Séance en hémicycle du 12 juin 2014 à 9h30
Lutte contre l'apologie du terrorisme sur internet — Discussion générale

Photo issue du site de l'Assemblée nationale ou de WikipediaGuillaume Larrivé :

Permettez-moi tout d’abord de remercier mes collègues Éric Ciotti, Philippe Goujon et Thierry Mariani pour la vigueur de leurs propos. Il est vrai que ce texte est tout sauf un texte d’affichage. Il trouve sa source dans un long travail de maturation technique, éclairé par des auditions. C’est un travail juridique constant, comme Mme Bechtel l’a souligné, qui nous conduit aujourd’hui à soumettre ces dispositions à l’Assemblée nationale.

Oui, il y a urgence à agir car nous faisons face à une menace extrêmement évolutive, à la créativité technique de personnes qui cherchent à embrigader des individus vers des réseaux terroristes extrêmement puissants. Nous ne pouvons pas rester les bras ballants.

Je salue également les amendements de M. Éric Ciotti visant à compléter le champ de la proposition de loi, s’agissant notamment de la question très sensible de la déchéance de nationalité, ou de la nécessité de mettre rapidement en oeuvre des dispositifs liés au contrôle des données des passagers de compagnies aériennes.

Le ministre et Mme Bechtel ont tous deux fait preuve d’un état d’esprit plutôt constructif, en tout cas ouvert à la réflexion. Je les en remercie, mais je les invite à faire preuve d’audace. De l’audace réfléchie, sérieuse, mais de l’audace tout de même. Chacun doit prendre ses responsabilités. C’est vrai, la matière est juridiquement très compliquée, mais c’est précisément parce que c’est difficile qu’il faut avancer.

Nous devons progresser sur la question du blocage de l’accès – le ministre de l’intérieur s’est d’ailleurs montré ouvert à cette réflexion. Nous devons trouver le moyen juridiquement solide, opérationnel, de bloquer l’accès à ces sites.

Je ne dis pas que le dispositif que nous définirons sera parfait. Je dis qu’il est nécessaire. Monsieur le secrétaire d’État, même si nous parvenions à bloquer l’accès de ces sites à un individu, même si nous parvenions à éviter qu’un seul djihadiste commette un attentat terroriste en France, nous aurions déjà fait oeuvre utile.

Plutôt que de refermer dès aujourd’hui la porte, je vous invite sur tous les bancs à déposer des amendements, pas pour supprimer le texte mais pour l’améliorer, le faire vivre lors de la navette parlementaire.

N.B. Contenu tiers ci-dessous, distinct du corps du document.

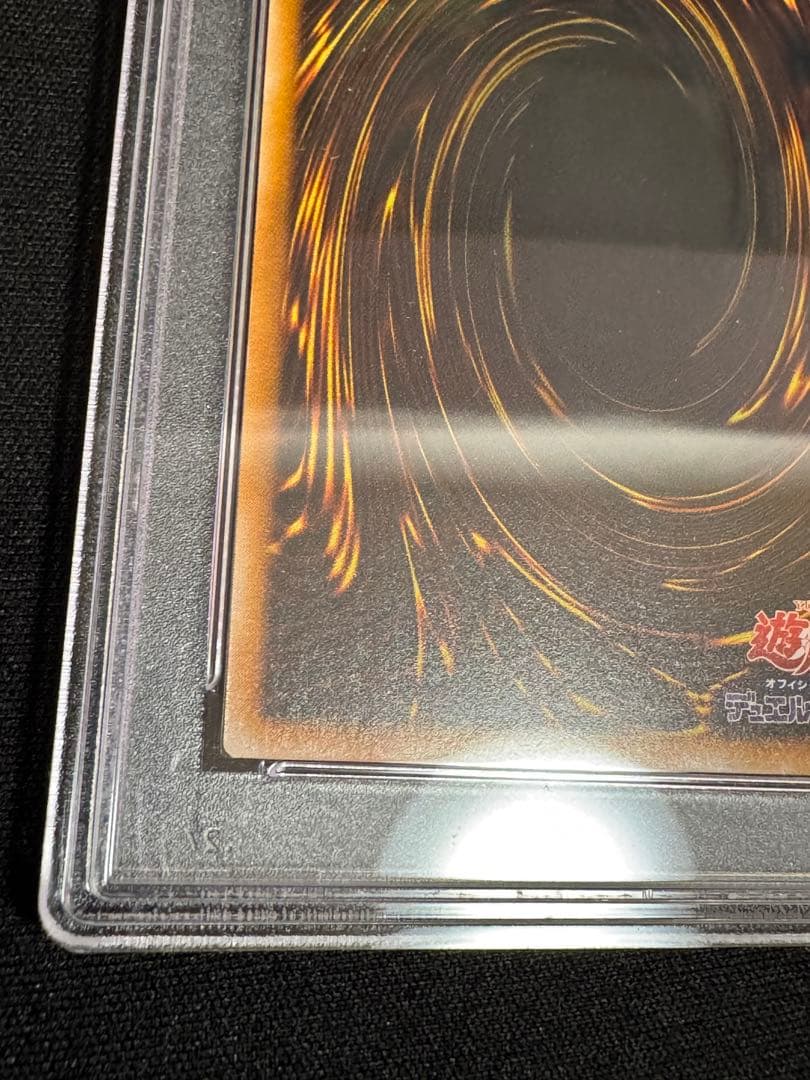 PSA9 ブラックマジシャン レリーフ アルティメットレア 鑑定品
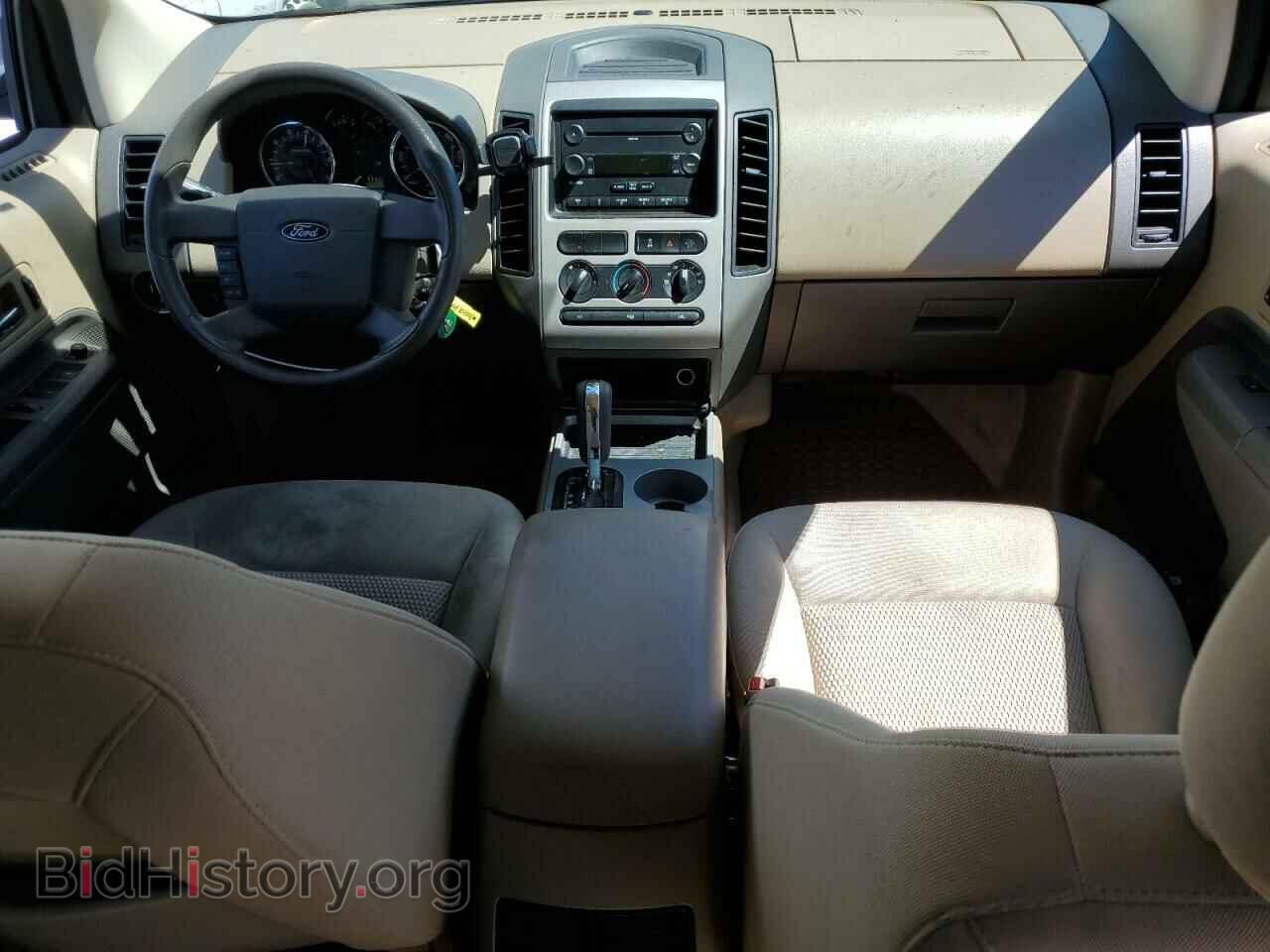 2007 FORD EDGE - VIN: 2FMDK36C07BA69290 - Photo 8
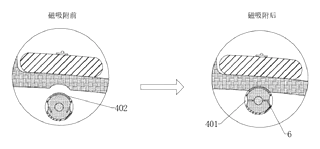 Sunshade Fishing Hat with Replaceable Mosquito Repellent and Cooling Packs - Patent Fig. 8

Le groupe UMP a choisi d’utiliser une niche pour, justement, faire avancer le débat. Ne perdons pas de temps, avançons techniquement, encadrons la rédaction sur le plan juridique quand elle doit l’être, mais ne faisons pas montre d’une espèce d’autocensure, y compris sur le dispositif du délit de consultation habituelle. Je sais bien que la section administrative du Conseil d’État, lorsqu’elle a été saisie du projet de loi présenté par Michel Mercier, a exprimé de vives réserves. C’est son office.

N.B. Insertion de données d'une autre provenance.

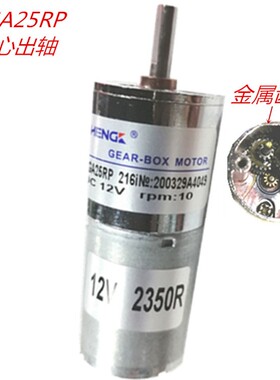 微型低速金属减速电机Z2A25RP1GV可24V 扭矩大正反转/调速噪音小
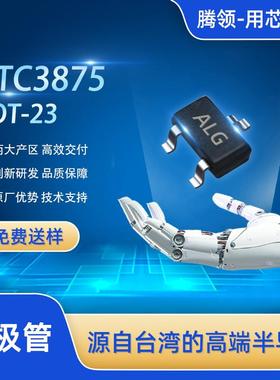 NPN三极管 SOT-23 KTC3875 150mA电流 50V电压 免费送样 原厂直销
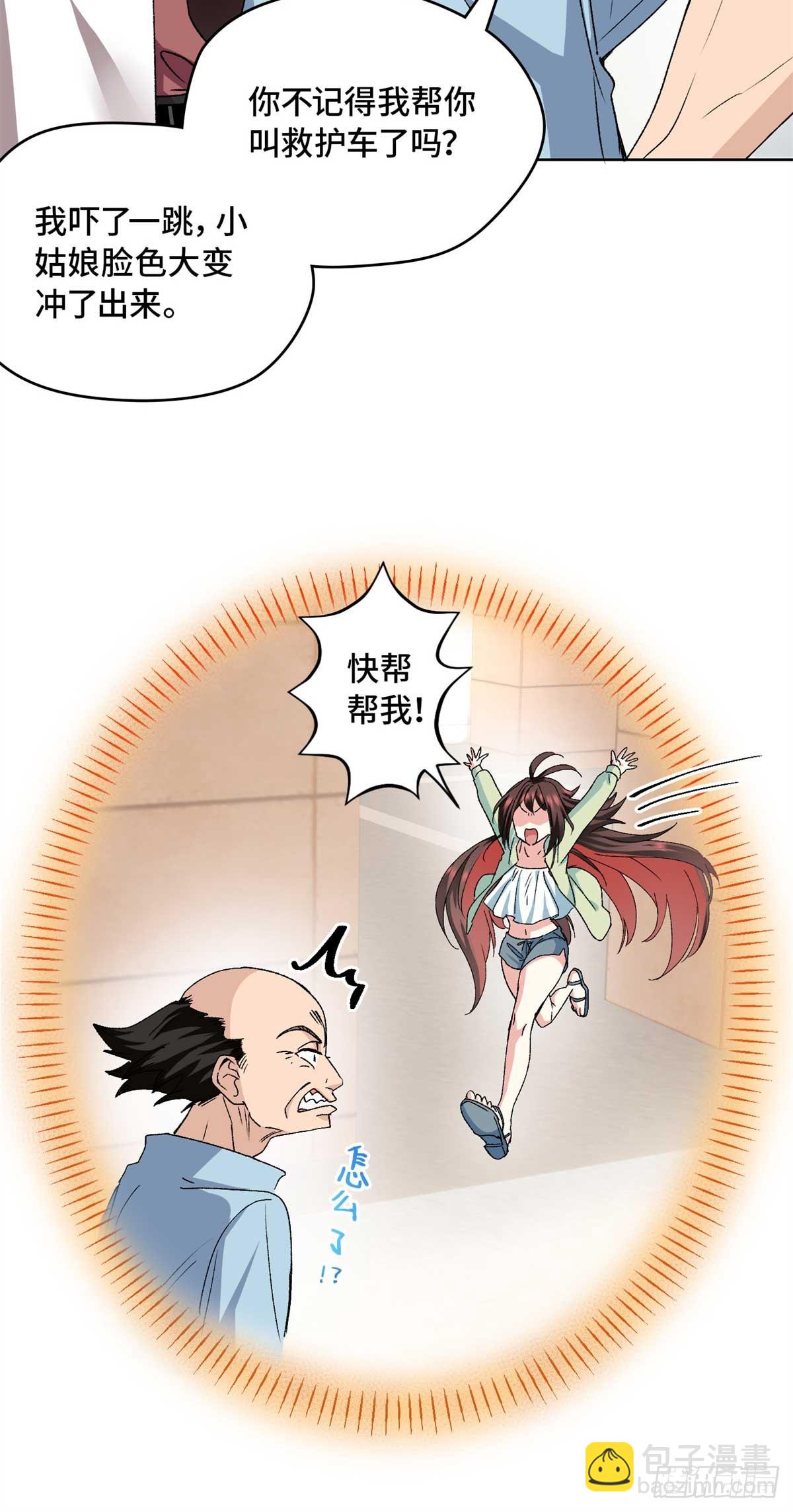005 李羡鱼：我走火入魔了-第5话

J’entends aussi, comme je l’ai déjà rappelé, que la Cour de cassation, saisie d’une disposition très proche en 2012, a estimé que la mesure n’était pas anticonstitutionnelle et qu’il n’y avait pas lieu de saisir le Conseil constitutionnel d’une question prioritaire de constitutionnalité.

Les deux cours suprêmes, l’une en section administrative et l’autre de manière juridictionnelle, expriment donc des avis différents. C’est à nous, législateur, de prendre nos responsabilités et notre plume pour écrire un dispositif et progresser. À charge ensuite au Conseil constitutionnel, si vous le saisissez, de dire ce qu’il souhaitera.

Nous avons aussi la responsabilité, monsieur le secrétaire d’État, de ne pas céder à la pression des fournisseurs d’accès à internet, dont j’ai auditionné certains des représentants. Chacun doit prendre ses responsabilités : notre métier à nous, législateur, n’est pas de faire commerce de l’accès à internet – fonction au demeurant tout à fait utile. Il existe néanmoins des motifs d’intérêt général qui doivent justifier notre intervention. On ne saurait s’arrêter devant un obstacle d’ordre financier ou budgétaire, monsieur le secrétaire d’État. Il appartient au Gouvernement d’exercer une très forte pression sur ces opérateurs afin que chacun d’entre eux assume la responsabilité qui est la sienne. Personne n’accepterait qu’en matière de sécurité sanitaire, l’industrie agroalimentaire nous dise qu’elle met sur le marché des produits avariés ! De la même manière, les fournisseurs d’accès à internet, dont le métier consiste à vendre une prestation donnant accès au réseau, ne peuvent pas nous dire qu’une autorégulation irénique permettrait de résoudre le problème, car ce n’est pas le cas. Nous avons auditionné ces opérateurs et leur avons montré que l’on peut accéder en quelques instants à des sites djihadistes via leurs services. Ce n’est pas acceptable.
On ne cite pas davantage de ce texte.